The development of my site has hit a slight delay due to the developer I had hired is taking a 2 weeks vacation. I’m taking this chance to start entering some contents and check out the inner workings of Drupal. But it is putting some extra stress on me due to the progress of the project being stagnant.
Recently, I’ve also started talking to my acquaintances whom I want to recruit to become my business partners. This basically means I have to “sell” my business idea / model to them. I’m definitely not a good sales person, so this is kind of tough for me. One of the people I talked to is my college friend who has been working at Microsoft since he graduated, switching from technical I.T. roles to marketing roles. So, he can help cover some business skills that I don’t possess. It was really hard selling to him, and I know he still isn’t completely sold yet, but I know if I get him to believe in my business and get him on board, he will be able to sell it 15 times better than I do! 🙂 Besides, I totally understand his position as I had also been a satisfied employee at a major US technology company. I liked my job and although both he and I wanted to work on our own business, we were reluctant to give up our good jobs. Anyway, one interesting thing that he told me to beware of is to “not under-estimate the stress of having no full-time job”. It turns out his sister had tried her hands on starting her own business with her boyfriend, and during that time, they had received a lot of stress from the people around them.

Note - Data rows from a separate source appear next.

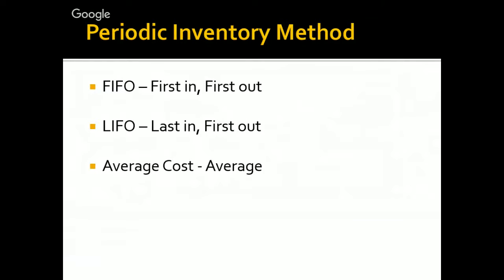And what does the Periodic Inventory Method mean? That we will not control our cost of goods sold after each sale, but only at the end of our period. That can be a month, a semester, a year, you can choose it.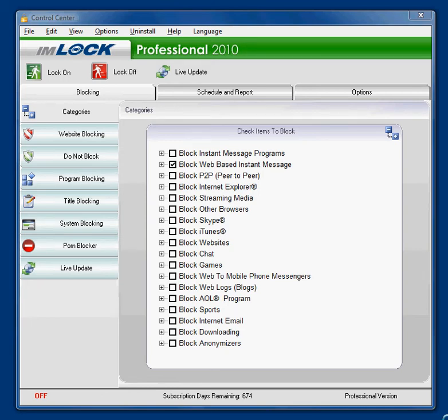Hi, this is Jim and I'm going to talk about how to block instant message programs using IMlock from Convigo. When you open Convigo, this is the first screen that you see. You'll notice at the very top in the center categories, there are two categories called block instant message programs and block web-based instant message.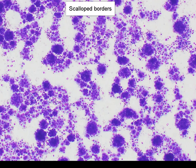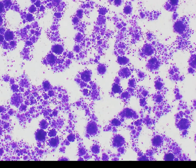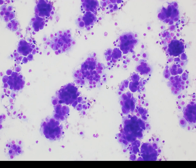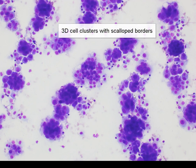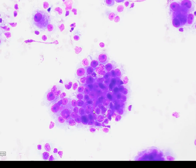At a slightly higher power, we can see that the clusters are relatively small. They're quite dense and three-dimensional, and we do not at this power appreciate marked nuclear pleomorphism. Here we can appreciate the scalloping of the outlines of these cell clusters. We are not seeing smooth and very rounded community borders like we would see in the classical adeno-CA.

Unfortunately, I didn’t need him to tell me about that, as I am already suffering from a lot of stress from my family. This reminds me of a recent interview of a web entrepreneur in the US, he had had success with his previous web business and is now starting a new one, yet even with his experience, he said on some days, when it seems like there are absolutely no progress at all, he would still question himself… “What am I doing? Why isn’t it going anywhere?!”… That’s pretty close to what I’m feeling now too. At a time like these, when everyone around you is pressuring you to give up and “just find a job”… all you can do is to re-evaluate your vision… believe in the path you’ve chosen and continue to execute your plan!!
It’s not easy, in fact, I can tell you I feel like SHIT right now! It’s definitely a lot easier to “just find a job” and become a “gear” within a machine again and do your 9 to 6. It really pains me to have the people close to me not believe in me and would rather have me submit to a 9 to 6 because of the pressure they feel from other people… Other people who doesn’t even know shit about me and my plans!!! But there’s nothing we can do about this. We all look at the world with our own set of values and we also judge other people based on that. You can’t win over everybody, and you don’t need to explain yourself to everybody. All you can do is stay focus on your vision, believe in yourself, work hard, network with the right people… and just NEVER GIVE UP! This is how all successful empires are built throughout history!
As I get closer to launch, I can feel that things are within my grasp… yet at the same time, there are so many more things that can be expanded on… I can see the possibilities that will open up eventually as the business grow and expand. But for now, from my experience in Project Management, I know better than to lose control of the existing plan. I’m staying focused on launching with the foundation and features as planned on my functional requirements.